Quel parcours avez-vous suivi pour en arriver où vous êtes aujourd’hui ?
LH : En fait, j’ai un parcours très mixte. J’ai commencé en littérature, suivi d’un deuxième baccalauréat en arts ; céramiques, plus spécifiquement. J’ai ensuite acquis une notoriété en tant que peintre (bien que j’aie été autodidacte)… Cela m’a amené à un poste de professeure en peinture, ce que j’ai fait pendant à peu près 15 ans.

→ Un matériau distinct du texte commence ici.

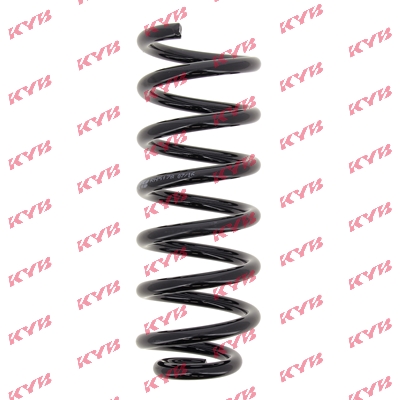 KYB-RH5178-400-01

Après un certain moment, j’ai voulu faire autre chose. C’est ce qui m’a poussée à entreprendre une maîtrise en histoire et philosophie des sciences et technologies, avec une concentration en histoire des mathématiques. C’était un intérêt que j’avais depuis déjà longtemps. Pour moi, il s’agissait de situer ce que je faisais dans le domaine des arts, dans le contexte global de la culture dont je fais partie, c’est-à-dire la culture scientifique occidentale. C’était aussi pour moi une tentative de trouver un public plus large que la niche de la peinture contemporaine ; vers la culture en général.
Je reconnaissais que les ordinateurs et le numérique allaient dominer la culture dans les années à venir.

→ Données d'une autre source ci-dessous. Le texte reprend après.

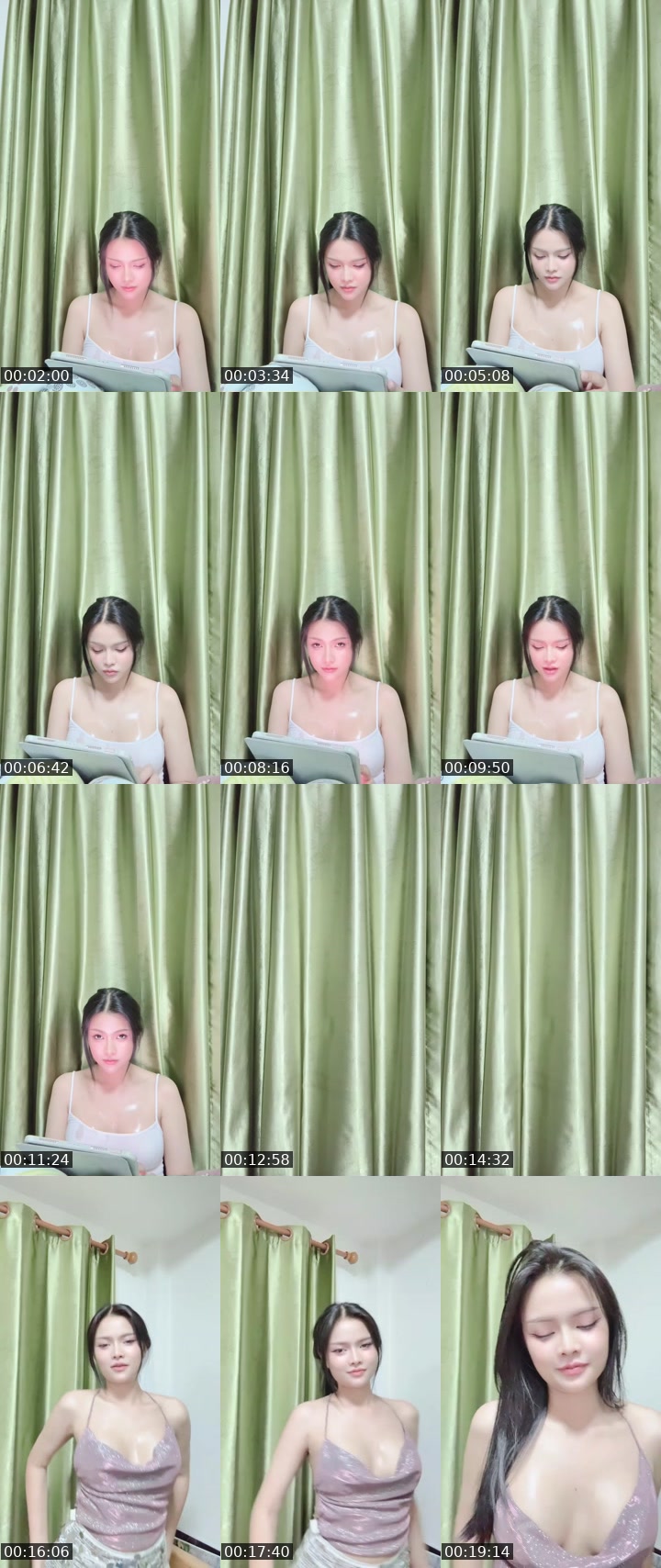Bigo live: ครับพี่ by @FOUR14102544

Je suis donc allée consciemment vers une pratique qui impliquait de comprendre et d’utiliser la technologie actuelle. C’était un peu avant 2000. Cela a commencé avec la photo numérique pour aller, éventuellement, vers l’interactif. Il s’agissait d’œuvres d’art qui utilisaient des sons, des images, et de l’interactivité. Dès le départ, j’utilisais aussi des interfaces alternatives que je construisais sur mesure. L’une des premières pièces que j’ai exposées utilisait une interface de biofeedback que j’ai conçue sur mesure pour cette pièce.
Je reconnaissais que les ordinateurs et le numérique allaient dominer la culture dans les années à venir. Pas seulement du côté artistique, mais bien dans la culture en général. En tant qu’artiste, je souhaitais comprendre ce qui se passait et m’impliquer. Je voulais contribuer à ce qui se passait, notamment au niveau critique.

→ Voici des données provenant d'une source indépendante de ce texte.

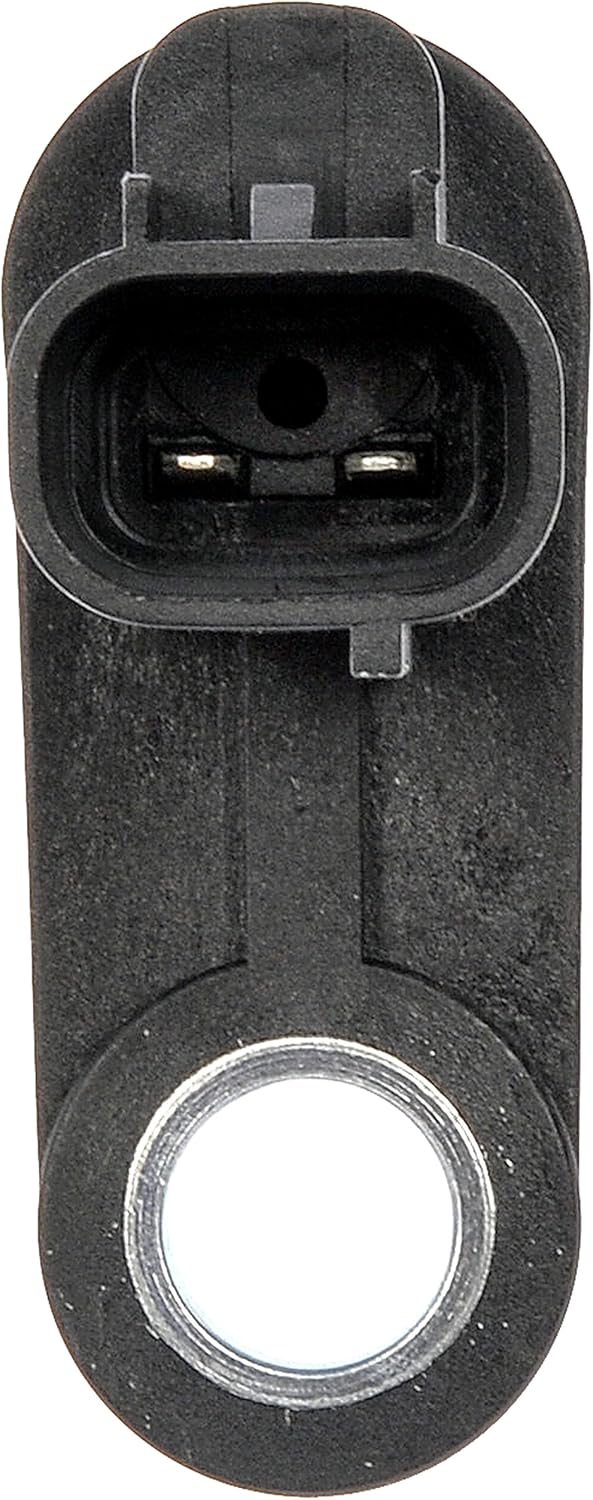 Dorman Transmission Output Speed Sensor 917-603 for Toyota Camry, RAV4 & Lexus RX300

Quand vous êtes passée de la peinture aux arts numériques et interactifs, est-ce qu’il vous a fallu collaborer avec des gens de l’industrie ?
LH : Je collaborais parfois avec d’autres artistes, surtout quand c’était nécessaire, c’est-à-dire surtout au commencement. Cela dit, la collaboration est devenue l’un des piliers de ma pratique. C’est primordial pour moi à plusieurs niveaux.
Par exemple, quand j’ai écrit la demande de subvention pour Hexagram en 2000, il fallait se projeter et concevoir ce qui allait se passer dans les dix prochaines années dans la culture numérique au sens large. Ce qui était le plus important pour moi dans ce processus était de faire sortir les artistes et les professeurs de leur bureau pour aller à la rencontre les uns des autres, ce qui n’était pas commun à l’époque. Lors des premières réunions, on rencontrait parfois pour la première fois certain.e.s de nos collègues.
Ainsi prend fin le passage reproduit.